To do:
Going through the material below, output exactly the lines from the one containing "So to fix this" through the one containing "This is the", and no pictures.

Material for this exercise:
────────────────────────────────────────

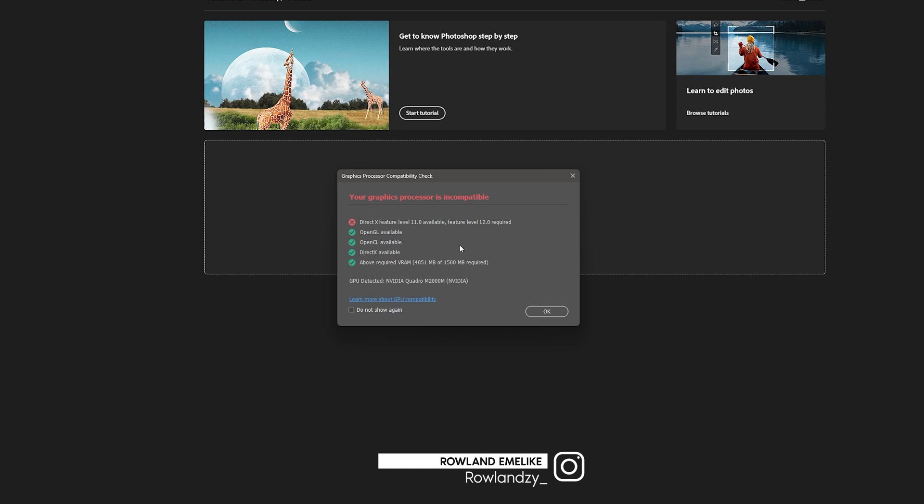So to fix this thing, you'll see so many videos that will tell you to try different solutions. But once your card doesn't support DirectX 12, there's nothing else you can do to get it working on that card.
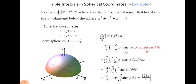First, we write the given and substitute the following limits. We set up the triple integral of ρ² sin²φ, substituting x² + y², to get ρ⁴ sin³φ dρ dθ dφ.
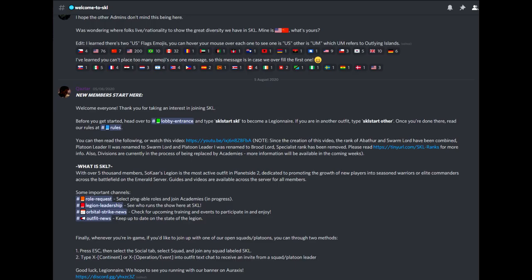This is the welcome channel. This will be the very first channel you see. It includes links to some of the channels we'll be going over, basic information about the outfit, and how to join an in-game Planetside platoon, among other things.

────────────────────────────────────────

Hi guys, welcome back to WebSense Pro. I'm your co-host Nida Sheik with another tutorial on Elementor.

────────────────────────────────────────

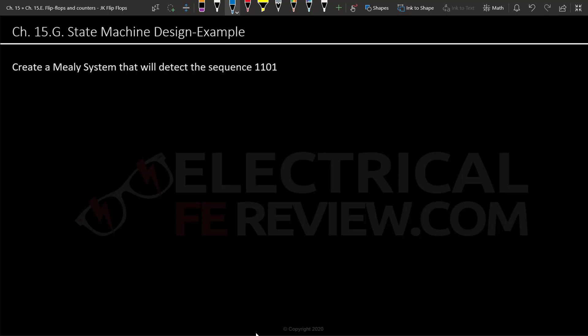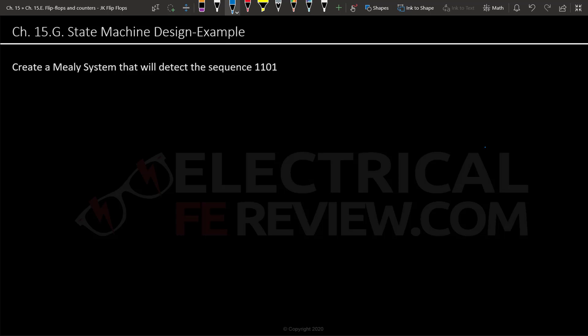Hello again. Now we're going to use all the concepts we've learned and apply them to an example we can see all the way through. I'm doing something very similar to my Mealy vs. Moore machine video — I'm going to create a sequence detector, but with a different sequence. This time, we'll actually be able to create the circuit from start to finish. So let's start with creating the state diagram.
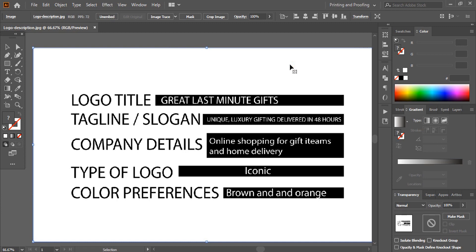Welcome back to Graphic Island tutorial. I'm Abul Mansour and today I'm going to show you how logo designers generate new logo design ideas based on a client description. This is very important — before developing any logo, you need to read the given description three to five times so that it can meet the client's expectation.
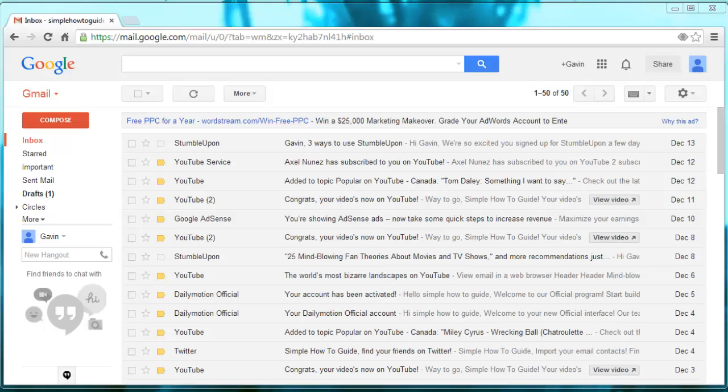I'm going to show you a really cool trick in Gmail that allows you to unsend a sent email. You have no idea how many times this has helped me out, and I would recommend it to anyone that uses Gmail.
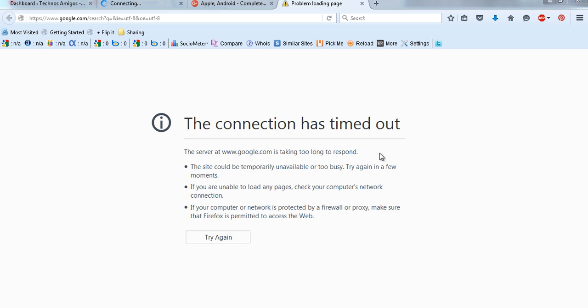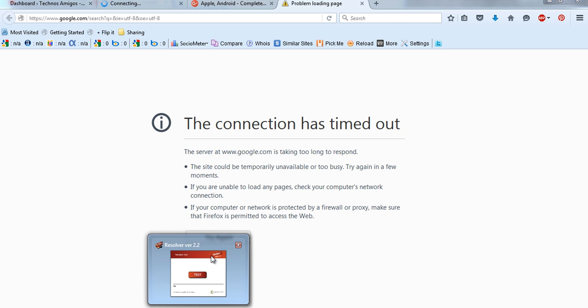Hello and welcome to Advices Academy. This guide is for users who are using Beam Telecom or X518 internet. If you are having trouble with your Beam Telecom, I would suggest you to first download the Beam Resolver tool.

────────────────────────────────────────

The completed task:
So to fix this thing, you'll see so many videos that will tell you to try different solutions. But once your card doesn't support DirectX 12, there's nothing else you can do to get it working on that card.
First, we write the given and substitute the following limits. We set up the triple integral of ρ² sin²φ, substituting x² + y², to get ρ⁴ sin³φ dρ dθ dφ.
This is the welcome channel. This will be the very first channel you see. It includes links to some of the channels we'll be going over, basic information about the outfit, and how to join an in-game Planetside platoon, among other things.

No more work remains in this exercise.